Molti grandi uomini e donne hanno fatto della loro vita un'opera e non si sono dichiarati, né sono stati considerati artisti. 
Essere in relazione con il mondo non significa ancora fare un' arte relazionale, come essere coscienti delle implicazione tra vita e opera non significa ancora che la propria vita sia opera. 
La vita come opera sicuramente é una condizione di non separazione ma di reciproco influenzamento piuttosto tra osservato e osservatore, dove l'osservatore pone in essere volta per volta l' interazione tra ció che, impropriamente potremmo chiamare oggettivo, e il proprio soggettivo. Questo sicuramente implica avere una propria integrità e allo stesso tempo usare la leggerezza nell’ approccio alla vita come sistema complesso, tanto da poterne cogliere, volta per volta, i limiti e le periferie, per metterli in relazione con il precipitato del futuro frutto dell’attività della propria immaginazione. 
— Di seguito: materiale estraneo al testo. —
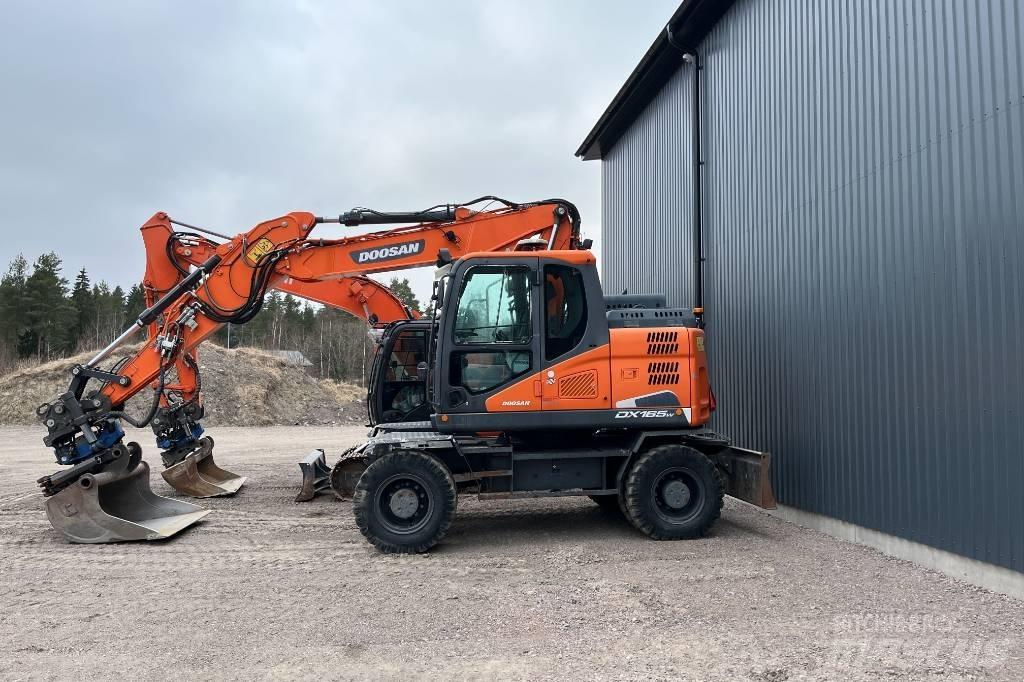 Doosan DX 165 W-5 Ratasekskavaatorid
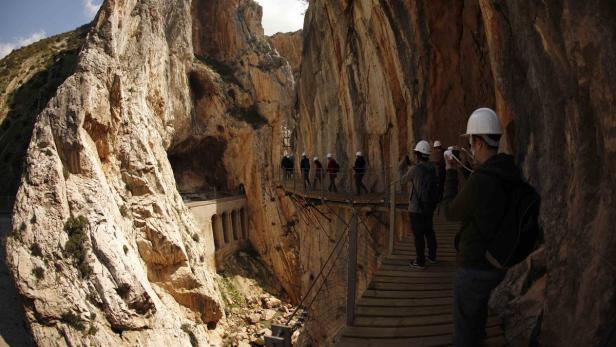 Todesweg: Gefährlichster Klettersteig der Welt eröffnet wieder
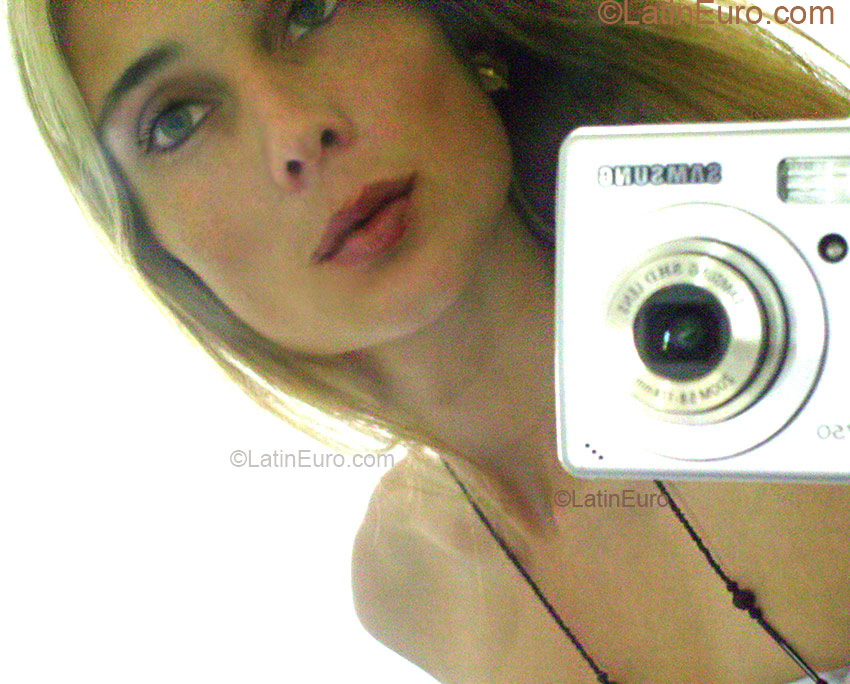 Date this sensual Brazil girl Juliana from  B1973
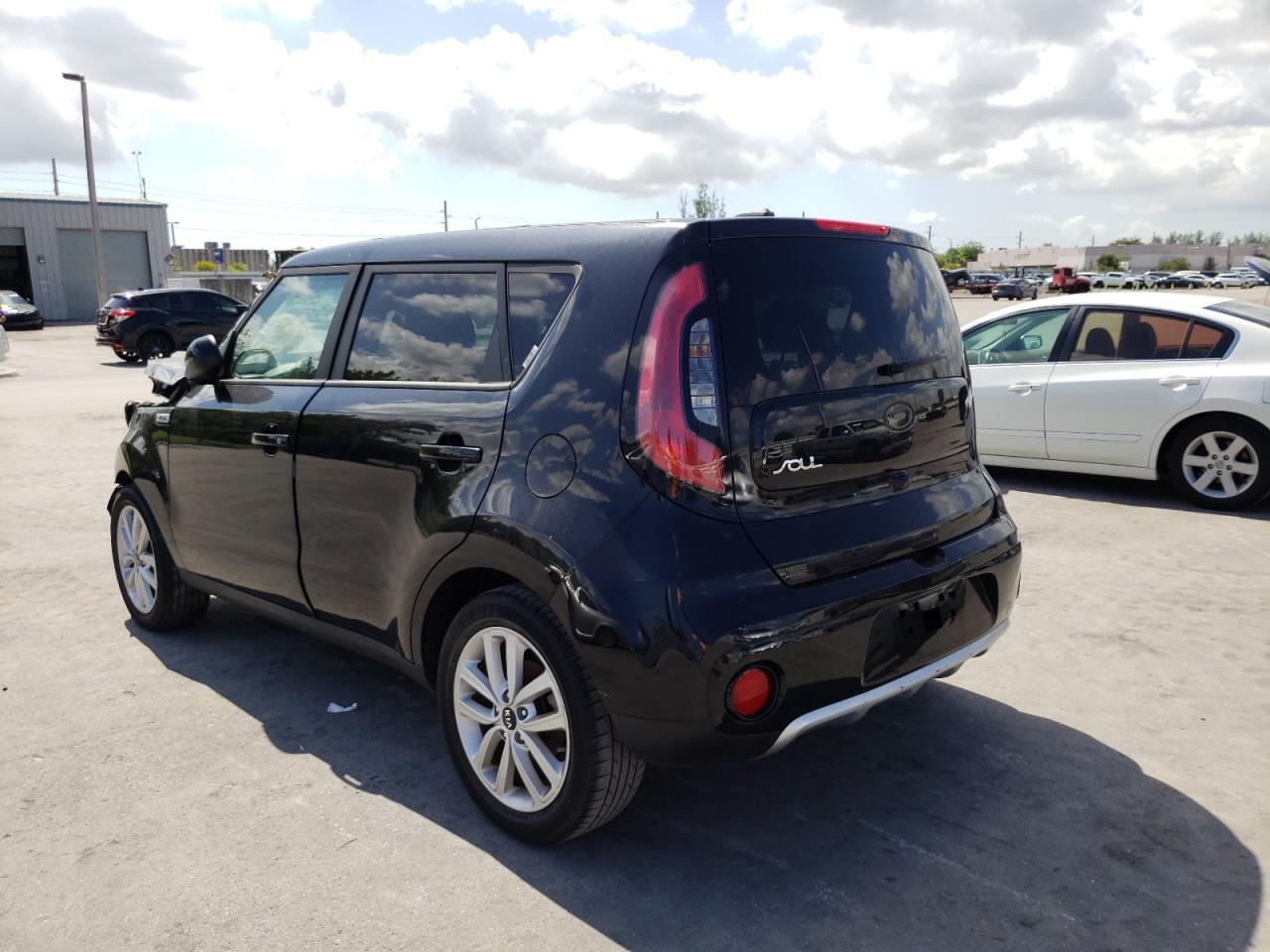 Снимка 3 от търг – 2018 KIA SOUL + с VIN KNDJP3A52J7900600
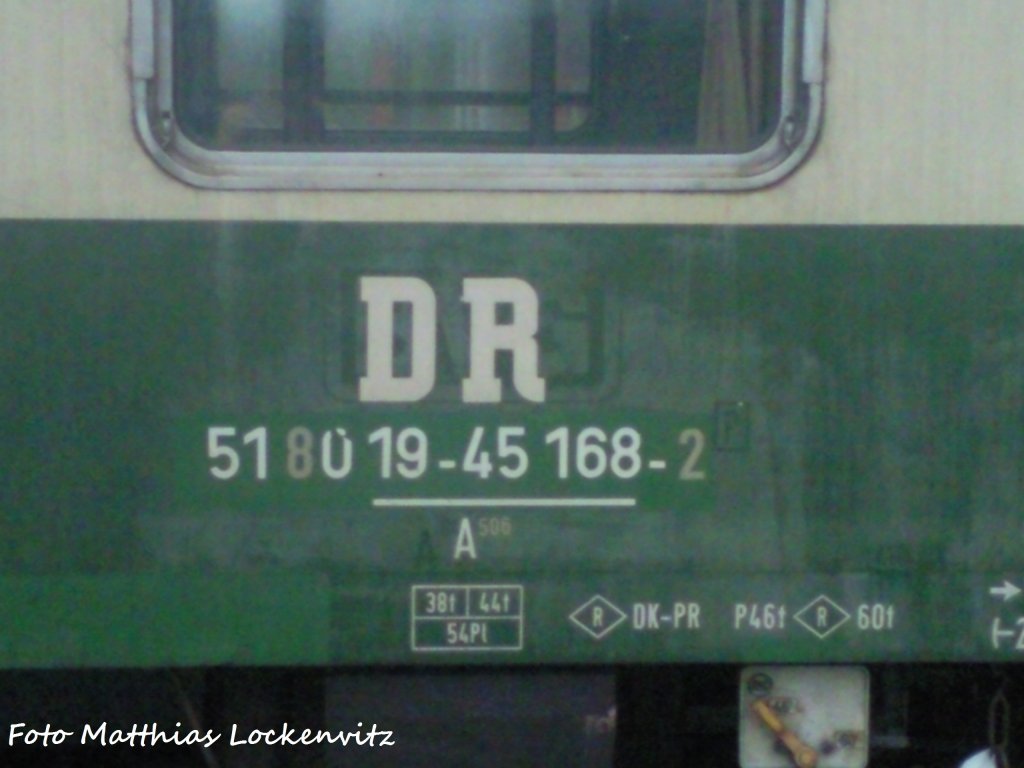 Wo jetzt Das DR Logo ist war zuvor ein BVG Logo gewesen / St�rtebeker-Zug am 30.6.12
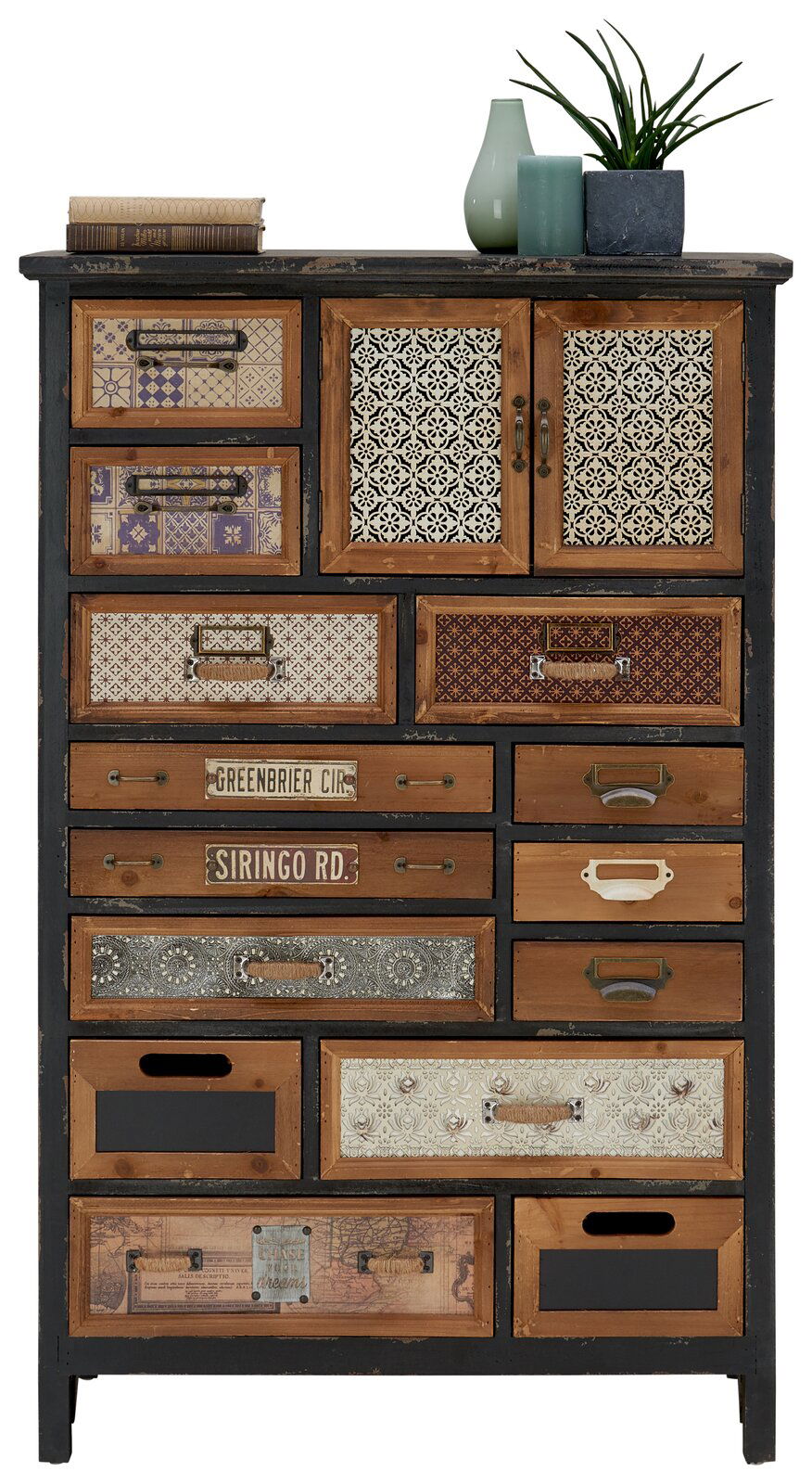 Vielseitige Kommode mit verschiedenen Schubladenfronten im Vintage-Stil, frontal abgebildet.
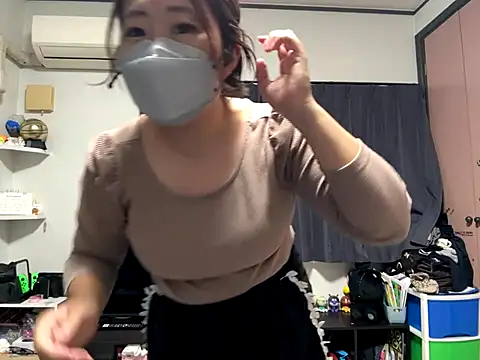 Snapshot of hima-wari0707 chatting on November 23, 2025, 1:44 pm hima-wari0707 online show from November 23, 2025, 1:44 pm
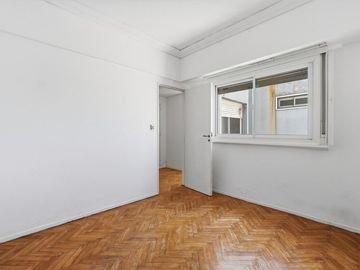 VENTA DEPARTAMENTO 4 AMBIENTES BALVANERA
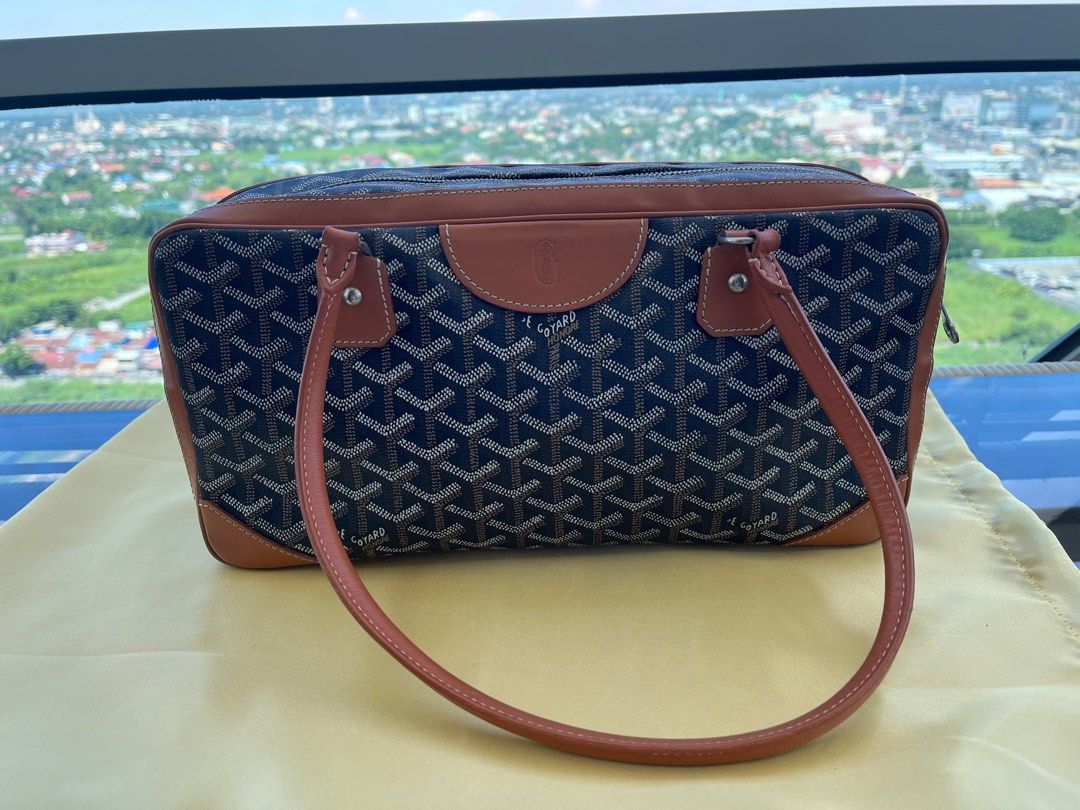 Authentic Original Goyard St Martin Hobo Bag, Luxury, Bags & Wallets on  Carousell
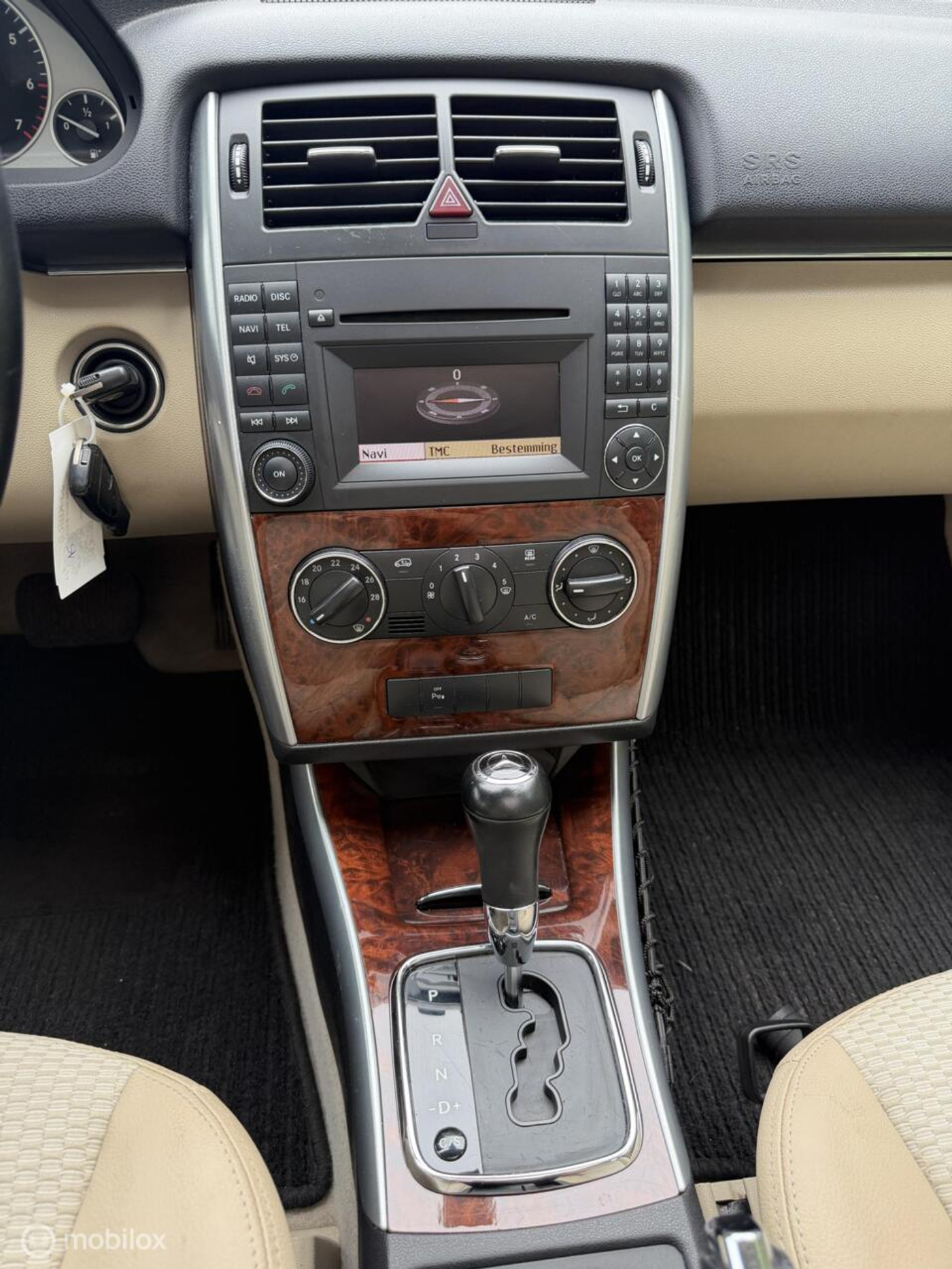 Foto van Mercedes-Benz B 180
Potrebbe sembrare che essere abilitato alla produzione artistica per formazione, dovrebbe essere sufficiente per dare autorità di significato al proprio fare, e così é stato per molto tempo. Ma il contemporaneo impone una riflessione e totale rivisitazione di questa assunzione culturale.
Tre sono le assunzioni in merito alla legittimità di essere artista da rifondare:
-l' autorità di significato dell'artista in quanto abilitato da una techne alla sapienza di un fare
-l' autorità di significato dell' opera come evento separato dalla vita e dalle sue implicazioni 
-l' autorità di significato della contrapposizione soggetto-oggetto ovvero
osservatore-osservato

Ancor'oggi possiamo constatare che nella valutazione dell'opera d' arte c'é la presenza di uno schema di divisione, una netta separazione tra osservatore e osservato dove l'osservatore é lo sguardo - e dico sguardo quindi con tutte le implicazione dell' approccio di tipo retinico -, del pubblico e l' opera é  quell'evento esposto coscientemente dall'artista  o/e curatore a questo sguardo. 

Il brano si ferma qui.